US Supreme Court Decision Exposes Flaws In Australian Workplace Law
Image: Image: The White House via Wikimedia Commons

The landmark US Supreme Court decision protecting LGBTQI workers from discrimination has highlighted how better protections can be achieved in Australia.

The US’ top court ruled six votes to three that federal law which prohibits discrimination based on sex should also include sexual orientation and gender identity.

The Supreme Court ruled to uphold Title VII of the Civil Rights Act of 1964, which outlaws discrimination against employees because based on sex, race, nationality – and now, sexuality.

Now, Australian advocates are calling for changes to be made in the Fair Work Act 2009, which currently doesn’t work in tandem with protections outlined in the Commonwealth Sex Discrimination Act 1984 (SDA).

While the relevant provisions of the federal Fair Work Act 2009 covers sex and sexual orientation, and the Fair Work Commission interprets ‘sex’ to include gender identity or sex characteristics, an employer can challenge this interpretation in federal court.

A spokesperson for advocacy group, just.equal, Brian Greig, said that loose interpretations for protecting trans, gender diverse (TGD) and intersex workers only enforces the notion that discrimination against TGD people is acceptable.

“The absence of gender identity and sex characteristics as named, protected attributes in the Fair Work Act sends the message that employment discrimination against trans, gender diverse and intersex Australians is more acceptable than other forms of discrimination, including discrimination on the basis of sexual orientation,” he said

“The only way to cement the rights of trans, gender diverse and intersex Australians under the Fair Work Act is to amend the Act to include the grounds of gender identity and sex characteristics.”

This legislative loophole was previously raised with the Turnbull Government in 2018 by human rights advocate Alastair Lawrie but dismissed by Minister Craig Laundy.

Minister Laundy said Lawrie’s concerns were covered by general protections contained within the Sex Discrimination Act. However, Lawrie believes this advice was misinforming.

The reason?
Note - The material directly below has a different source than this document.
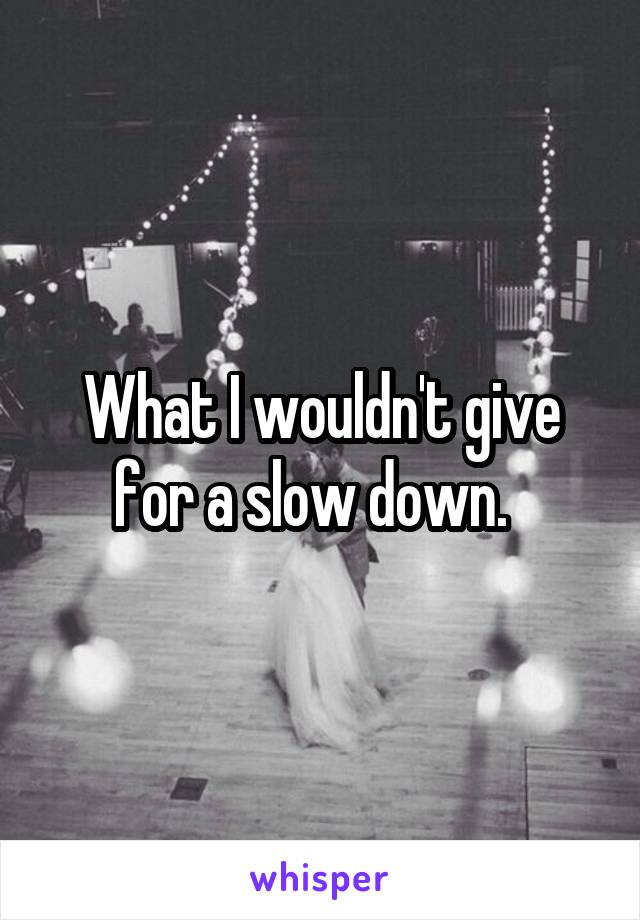 What I wouldn't give for a slow down.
This advice failed to take into account the constraints of specific commissions and was unable to acknowledge the privileges unawarded to trans and gender diverse (TGD) workers.

“Gender identity and intersex status is covered in the SDA, but the Australian Human Rights Commission can take much longer to conciliate, and enforcing outcomes may require action in the Federal Court or Federal Circuit Court at the risk of significant cost orders to the complainant,” he said.

“By contrast, arbitration by the Fair Work Commission can be much quicker and is generally a ‘no costs’ jurisdiction,” Lawrie explained.

“Women, including lesbians, gay men and bisexuals can all exercise this choice, but it is denied to trans, gender diverse and intersex citizens.

“This is why sex, sexual orientation, marital status, family responsibilities and pregnancy are all covered under both the SDA and Fair Work Act, allowing parties to choose an expedited, low-cost resolution if it suits them.”

Long-time transgender advocate, Sally Goldner AM, concurs that Australia needs to amend the federal Fair Work Act to align with the SDA to protect trans, gender diverse and intersex Australians.

“This will cement protection for trans, intersex and gender diverse employees against adverse action and unlawful termination,” she said.

Greig believes the current ‘Government-Business-Unions’ consultations to reform Australian industrial relations law is an ideal opportunity to fix this gap in Australian legislature.

“This problem can be easily fixed by adding trans, gender diverse and intersex people under the protection of the Fair Work Act,” he said “The US Supreme Court ruling adds to the legal precedents and momentum for this overdue reform.”